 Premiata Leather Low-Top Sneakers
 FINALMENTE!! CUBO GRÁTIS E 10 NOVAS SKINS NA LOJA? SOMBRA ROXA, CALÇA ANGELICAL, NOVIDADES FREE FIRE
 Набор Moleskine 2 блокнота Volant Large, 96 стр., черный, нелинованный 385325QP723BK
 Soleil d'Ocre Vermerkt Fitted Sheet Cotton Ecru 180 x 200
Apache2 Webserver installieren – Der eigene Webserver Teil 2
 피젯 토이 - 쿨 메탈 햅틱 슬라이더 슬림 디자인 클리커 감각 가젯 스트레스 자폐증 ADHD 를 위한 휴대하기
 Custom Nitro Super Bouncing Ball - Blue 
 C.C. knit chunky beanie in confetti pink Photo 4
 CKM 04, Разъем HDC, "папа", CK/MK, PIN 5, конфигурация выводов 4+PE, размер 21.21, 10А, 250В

++++++++

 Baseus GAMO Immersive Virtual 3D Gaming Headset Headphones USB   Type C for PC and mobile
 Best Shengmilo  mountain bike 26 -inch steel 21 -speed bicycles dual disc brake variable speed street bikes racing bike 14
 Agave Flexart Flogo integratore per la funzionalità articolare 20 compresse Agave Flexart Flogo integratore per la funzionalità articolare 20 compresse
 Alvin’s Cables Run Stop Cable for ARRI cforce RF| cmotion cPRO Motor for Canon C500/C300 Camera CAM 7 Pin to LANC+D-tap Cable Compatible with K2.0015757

++++++++

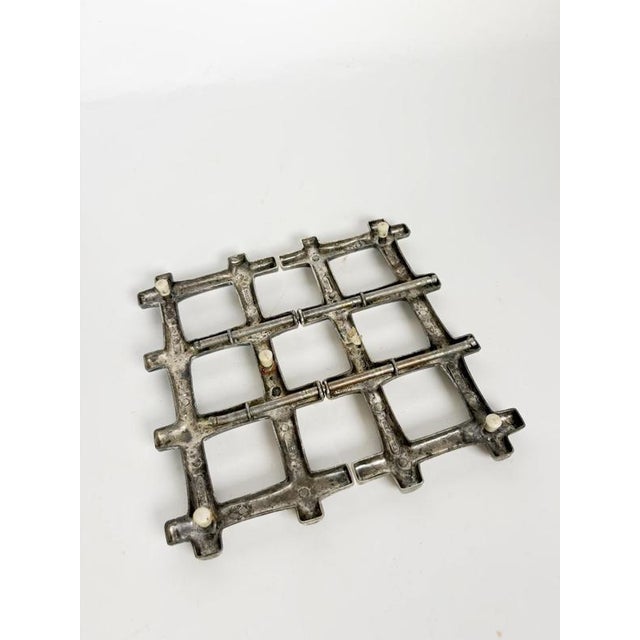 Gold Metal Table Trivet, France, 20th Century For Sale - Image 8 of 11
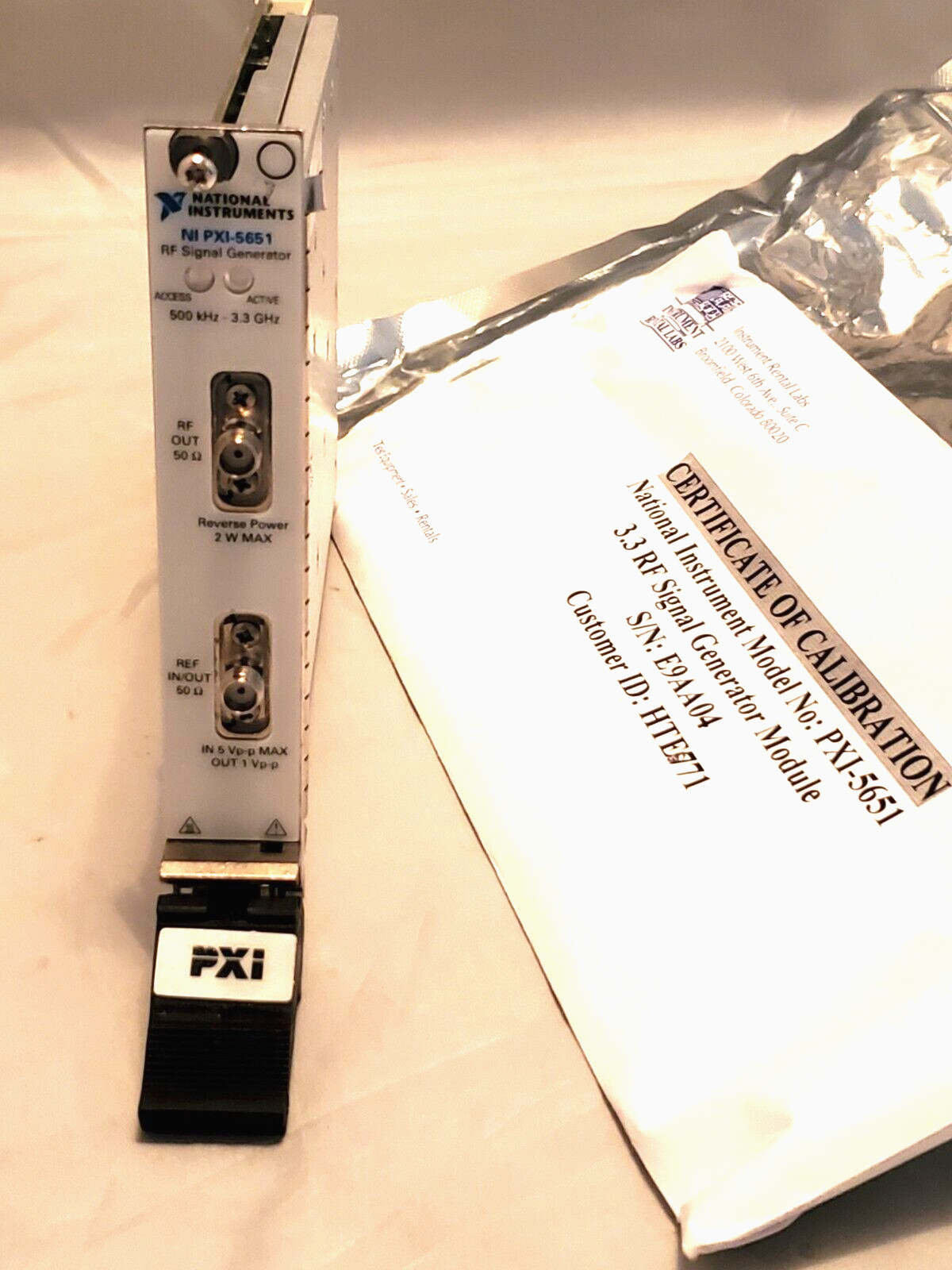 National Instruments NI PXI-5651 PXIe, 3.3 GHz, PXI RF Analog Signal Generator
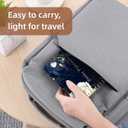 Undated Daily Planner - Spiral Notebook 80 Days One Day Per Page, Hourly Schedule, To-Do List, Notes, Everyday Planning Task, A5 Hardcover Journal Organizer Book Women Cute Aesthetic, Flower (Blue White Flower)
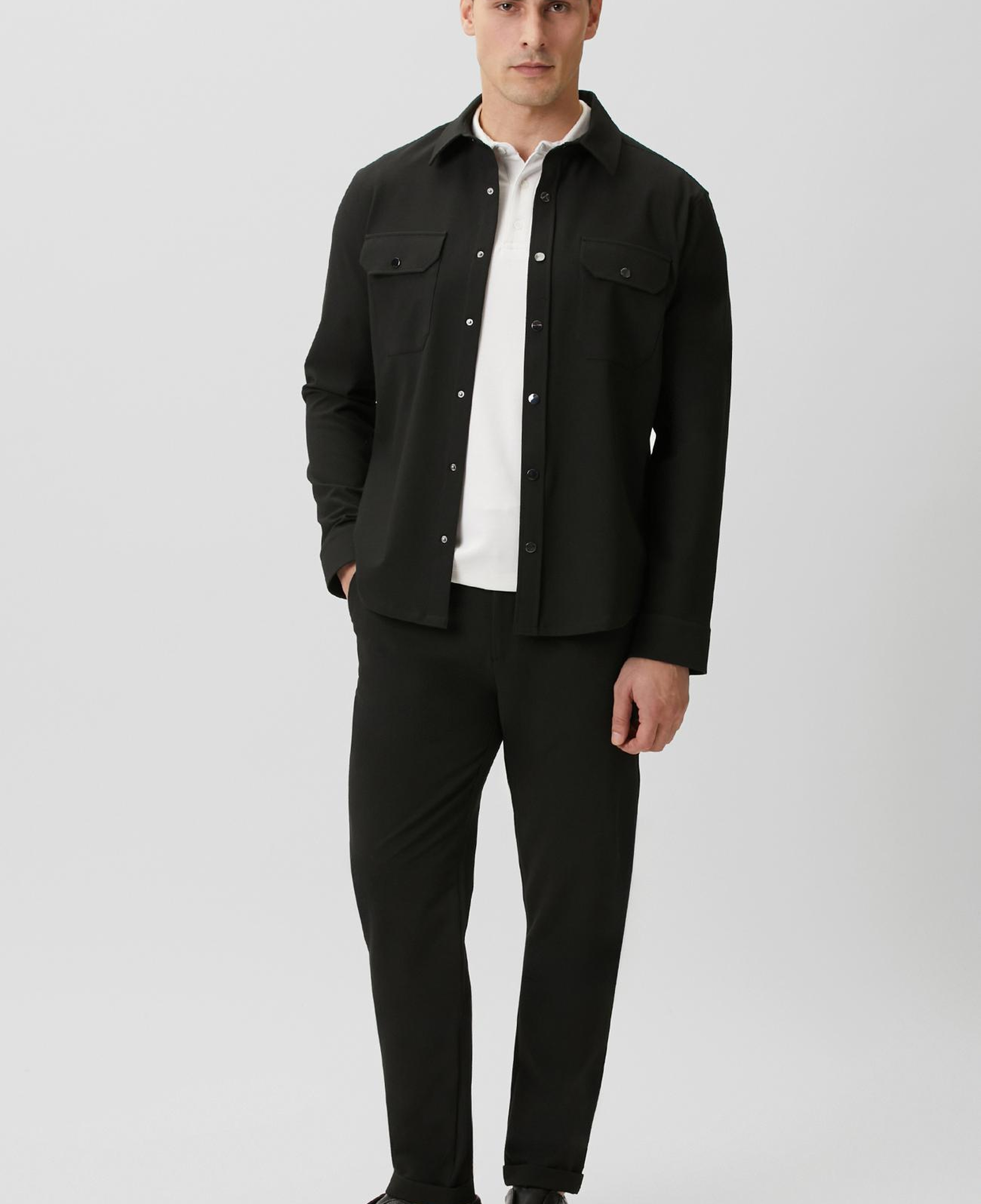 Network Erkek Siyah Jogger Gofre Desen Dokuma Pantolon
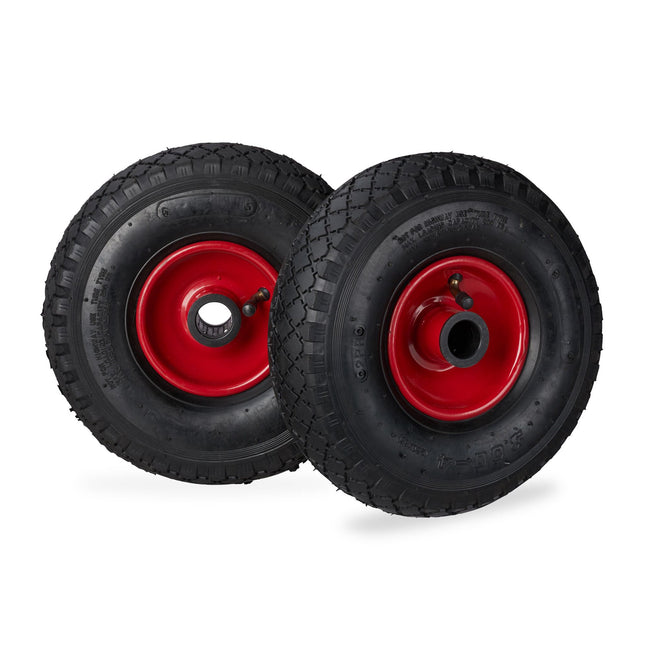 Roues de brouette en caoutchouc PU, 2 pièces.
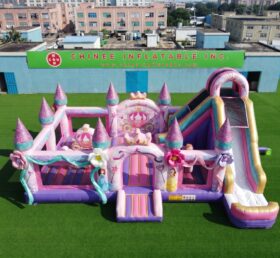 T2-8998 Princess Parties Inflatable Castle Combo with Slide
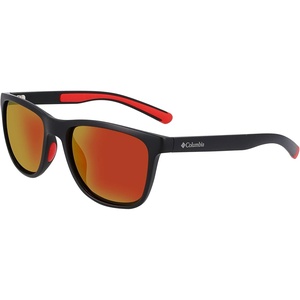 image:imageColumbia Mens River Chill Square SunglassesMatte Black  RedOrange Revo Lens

++++++++

- [Task directions]: Above this instruction are the records; retype exactly the lines from the one containing "Набор Moleskine 2" up to and including the one containing "Custom Nitro Super Bouncing Ball - Blue".

- [Solution for this problem]:
 Набор Moleskine 2 блокнота Volant Large, 96 стр., черный, нелинованный 385325QP723BK
 Soleil d'Ocre Vermerkt Fitted Sheet Cotton Ecru 180 x 200
Apache2 Webserver installieren – Der eigene Webserver Teil 2
 피젯 토이 - 쿨 메탈 햅틱 슬라이더 슬림 디자인 클리커 감각 가젯 스트레스 자폐증 ADHD 를 위한 휴대하기
 Custom Nitro Super Bouncing Ball - Blue 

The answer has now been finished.